Stored dataset items
________________

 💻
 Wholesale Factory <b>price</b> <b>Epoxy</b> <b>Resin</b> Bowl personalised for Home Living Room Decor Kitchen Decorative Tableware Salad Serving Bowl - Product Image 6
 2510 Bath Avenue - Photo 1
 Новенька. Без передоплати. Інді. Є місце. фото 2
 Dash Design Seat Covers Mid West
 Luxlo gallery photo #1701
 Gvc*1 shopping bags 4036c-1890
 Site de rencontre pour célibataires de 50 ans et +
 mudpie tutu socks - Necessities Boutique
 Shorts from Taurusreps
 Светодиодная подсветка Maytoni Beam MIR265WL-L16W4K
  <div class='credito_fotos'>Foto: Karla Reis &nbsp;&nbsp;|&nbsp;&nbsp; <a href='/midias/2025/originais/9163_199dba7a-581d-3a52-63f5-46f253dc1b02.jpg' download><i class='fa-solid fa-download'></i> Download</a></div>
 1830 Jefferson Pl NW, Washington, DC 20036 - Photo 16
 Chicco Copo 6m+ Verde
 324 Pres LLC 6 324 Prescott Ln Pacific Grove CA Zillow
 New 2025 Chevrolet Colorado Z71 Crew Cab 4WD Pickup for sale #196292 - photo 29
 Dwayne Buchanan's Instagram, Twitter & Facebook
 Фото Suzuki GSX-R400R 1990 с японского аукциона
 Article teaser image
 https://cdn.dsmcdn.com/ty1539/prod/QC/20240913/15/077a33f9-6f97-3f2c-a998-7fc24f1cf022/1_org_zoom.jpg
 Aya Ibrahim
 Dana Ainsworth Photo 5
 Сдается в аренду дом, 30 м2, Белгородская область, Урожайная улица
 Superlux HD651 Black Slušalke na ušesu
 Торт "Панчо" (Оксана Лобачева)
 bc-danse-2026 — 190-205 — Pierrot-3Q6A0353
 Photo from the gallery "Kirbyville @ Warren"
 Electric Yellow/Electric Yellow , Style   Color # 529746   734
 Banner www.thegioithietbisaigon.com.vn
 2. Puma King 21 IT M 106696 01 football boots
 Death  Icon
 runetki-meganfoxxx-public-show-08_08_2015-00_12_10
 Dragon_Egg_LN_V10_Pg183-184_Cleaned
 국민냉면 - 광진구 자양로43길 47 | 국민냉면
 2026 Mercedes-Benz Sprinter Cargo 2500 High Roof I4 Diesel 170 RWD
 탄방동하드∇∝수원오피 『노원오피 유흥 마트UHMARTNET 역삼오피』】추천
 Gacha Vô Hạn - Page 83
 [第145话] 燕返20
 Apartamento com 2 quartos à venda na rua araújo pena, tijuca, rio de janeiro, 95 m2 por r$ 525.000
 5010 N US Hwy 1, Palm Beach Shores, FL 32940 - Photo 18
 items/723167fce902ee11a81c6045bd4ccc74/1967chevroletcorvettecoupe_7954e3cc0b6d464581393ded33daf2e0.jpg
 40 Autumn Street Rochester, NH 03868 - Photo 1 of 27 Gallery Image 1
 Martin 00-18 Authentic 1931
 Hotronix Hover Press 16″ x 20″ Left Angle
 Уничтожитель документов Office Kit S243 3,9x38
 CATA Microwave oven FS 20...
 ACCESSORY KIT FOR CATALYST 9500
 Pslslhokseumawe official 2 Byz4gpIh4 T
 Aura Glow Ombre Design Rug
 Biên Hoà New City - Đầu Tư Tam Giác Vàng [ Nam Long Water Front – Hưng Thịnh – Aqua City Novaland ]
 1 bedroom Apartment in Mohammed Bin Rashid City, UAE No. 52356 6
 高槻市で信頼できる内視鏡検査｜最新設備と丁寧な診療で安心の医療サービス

________________

## Problem description
The lines to copy run from the start of the records above through the line holding "Apartamento com 2"; give them exactly, both ends included, and nothing else.

## Task output
 💻
 Wholesale Factory <b>price</b> <b>Epoxy</b> <b>Resin</b> Bowl personalised for Home Living Room Decor Kitchen Decorative Tableware Salad Serving Bowl - Product Image 6
 2510 Bath Avenue - Photo 1
 Новенька. Без передоплати. Інді. Є місце. фото 2
 Dash Design Seat Covers Mid West
 Luxlo gallery photo #1701
 Gvc*1 shopping bags 4036c-1890
 Site de rencontre pour célibataires de 50 ans et +
 mudpie tutu socks - Necessities Boutique
 Shorts from Taurusreps
 Светодиодная подсветка Maytoni Beam MIR265WL-L16W4K
  <div class='credito_fotos'>Foto: Karla Reis &nbsp;&nbsp;|&nbsp;&nbsp; <a href='/midias/2025/originais/9163_199dba7a-581d-3a52-63f5-46f253dc1b02.jpg' download><i class='fa-solid fa-download'></i> Download</a></div>
 1830 Jefferson Pl NW, Washington, DC 20036 - Photo 16
 Chicco Copo 6m+ Verde
 324 Pres LLC 6 324 Prescott Ln Pacific Grove CA Zillow
 New 2025 Chevrolet Colorado Z71 Crew Cab 4WD Pickup for sale #196292 - photo 29
 Dwayne Buchanan's Instagram, Twitter & Facebook
 Фото Suzuki GSX-R400R 1990 с японского аукциона
 Article teaser image
 https://cdn.dsmcdn.com/ty1539/prod/QC/20240913/15/077a33f9-6f97-3f2c-a998-7fc24f1cf022/1_org_zoom.jpg
 Aya Ibrahim
 Dana Ainsworth Photo 5
 Сдается в аренду дом, 30 м2, Белгородская область, Урожайная улица
 Superlux HD651 Black Slušalke na ušesu
 Торт "Панчо" (Оксана Лобачева)
 bc-danse-2026 — 190-205 — Pierrot-3Q6A0353
 Photo from the gallery "Kirbyville @ Warren"
 Electric Yellow/Electric Yellow , Style   Color # 529746   734
 Banner www.thegioithietbisaigon.com.vn
 2. Puma King 21 IT M 106696 01 football boots
 Death  Icon
 runetki-meganfoxxx-public-show-08_08_2015-00_12_10
 Dragon_Egg_LN_V10_Pg183-184_Cleaned
 국민냉면 - 광진구 자양로43길 47 | 국민냉면
 2026 Mercedes-Benz Sprinter Cargo 2500 High Roof I4 Diesel 170 RWD
 탄방동하드∇∝수원오피 『노원오피 유흥 마트UHMARTNET 역삼오피』】추천
 Gacha Vô Hạn - Page 83
 [第145话] 燕返20
 Apartamento com 2 quartos à venda na rua araújo pena, tijuca, rio de janeiro, 95 m2 por r$ 525.000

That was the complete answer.